(Saved entries)

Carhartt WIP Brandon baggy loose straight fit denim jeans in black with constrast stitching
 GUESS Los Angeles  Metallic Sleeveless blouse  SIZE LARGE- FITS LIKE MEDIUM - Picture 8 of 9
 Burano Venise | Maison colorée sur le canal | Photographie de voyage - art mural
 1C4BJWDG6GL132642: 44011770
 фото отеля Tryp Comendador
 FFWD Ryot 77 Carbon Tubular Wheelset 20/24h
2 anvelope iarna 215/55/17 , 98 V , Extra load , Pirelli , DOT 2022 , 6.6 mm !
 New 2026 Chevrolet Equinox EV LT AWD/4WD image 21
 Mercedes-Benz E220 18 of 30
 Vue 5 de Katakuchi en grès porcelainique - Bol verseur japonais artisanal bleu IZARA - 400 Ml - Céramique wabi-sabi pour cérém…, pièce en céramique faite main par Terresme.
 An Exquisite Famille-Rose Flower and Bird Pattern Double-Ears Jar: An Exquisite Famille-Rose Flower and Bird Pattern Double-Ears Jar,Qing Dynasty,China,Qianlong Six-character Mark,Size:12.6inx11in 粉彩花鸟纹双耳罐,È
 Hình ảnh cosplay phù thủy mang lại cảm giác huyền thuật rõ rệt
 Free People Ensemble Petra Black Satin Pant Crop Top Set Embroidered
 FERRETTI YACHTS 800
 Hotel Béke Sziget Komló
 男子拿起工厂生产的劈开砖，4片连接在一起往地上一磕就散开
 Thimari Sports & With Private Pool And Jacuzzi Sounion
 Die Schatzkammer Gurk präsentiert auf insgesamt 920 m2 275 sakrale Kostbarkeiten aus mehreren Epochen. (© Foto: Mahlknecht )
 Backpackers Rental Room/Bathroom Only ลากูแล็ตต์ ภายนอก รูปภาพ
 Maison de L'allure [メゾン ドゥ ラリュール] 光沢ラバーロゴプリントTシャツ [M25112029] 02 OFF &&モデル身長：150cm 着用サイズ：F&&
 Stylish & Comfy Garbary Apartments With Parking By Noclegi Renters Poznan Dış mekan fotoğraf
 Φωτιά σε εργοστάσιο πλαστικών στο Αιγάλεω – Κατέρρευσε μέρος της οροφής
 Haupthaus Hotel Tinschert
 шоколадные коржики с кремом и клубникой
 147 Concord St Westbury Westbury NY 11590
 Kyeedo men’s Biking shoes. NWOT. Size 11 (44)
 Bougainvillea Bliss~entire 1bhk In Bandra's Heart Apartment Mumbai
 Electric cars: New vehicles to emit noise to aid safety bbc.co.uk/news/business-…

→ **ABOUT THIS TASK**
Among the records above, count the lines that include the word "Maison" and state the number by itself.

→ **FINISHED EXERCISE**
2